Dr Kevin Nelson from the University of Kentucky believes the brain's arousal system that regulates different states of consciousness such as REM sleep and wakefulness may be the cause of out-of-body displays. "The strong association of sleep paralysis with out-of-body experiences in the near-death experience subject is curious and unexplained," he says.

"However, people with near death experiences appear to have an arousal system predisposed to both REM intrusion and out-of-body experiences."

While sleep paralysis is considered relatively harmless, there are some associated sleep disorders that can be debilitating. For example, sleep paralysis is closely associated with narcolepsy, a neurological condition where a person falls asleep abruptly and uncontrollably in the daytime.

Narcolepsy also includes features of dreaming while awake. Instead of first going through the stages of non-REM sleep, the patient's brain enters directly into REM sleep. This causes the sudden bouts of unexpected sleep as well as temporary muscle weakness, another condition known as cataplexy.

A protein that regulates sleep and wakefulness, known as cerebrospinal fluid (CSF) hypocretin-1, is present in reduced levels in narcoleptic patients.
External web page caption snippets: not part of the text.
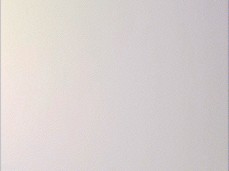 Splat!! hot guy splurges his load everywhere (@thetotalpkg) gif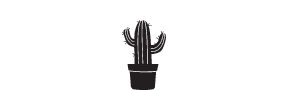 s082 cactus
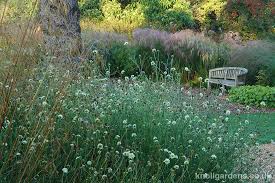 Image result for Scabiosa ochroleuca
A person's immune system could have a large part to play in this disorder because many cases of narcolepsy involve antibodies produced by the body that target healthy cells in the brain responsible for producing hypocretin.

Known as an autoimmune disease, the body destroys its own cells leading to a deficiency in hypocretin and resulting in narcolepsy.

Managing the symptoms of sleep disorders is an important aspect of helping patients lead as close to a normal life as possible. More pertinently, REM sleep disorder can be an indicator of neurodegenerative diseases.

Dr John Peever from the University of Toronto believes that better treatments for sleep disorders can be developed by studying how the brain shuts down muscle movement during REM sleep.

"Understanding the precise mechanism behind these chemicals' role in REM sleep disorder is important because about 80 per cent of people who have it develop a neurodegenerative disease," he says. "Curing it may help prevent or even stop their development."

Dr Brian Sharpless of Penn State University agrees. "Sleep paralysis should be assessed more regularly to determine its impact on individual functioning and better articulate its relation to other psychiatric and medical conditions."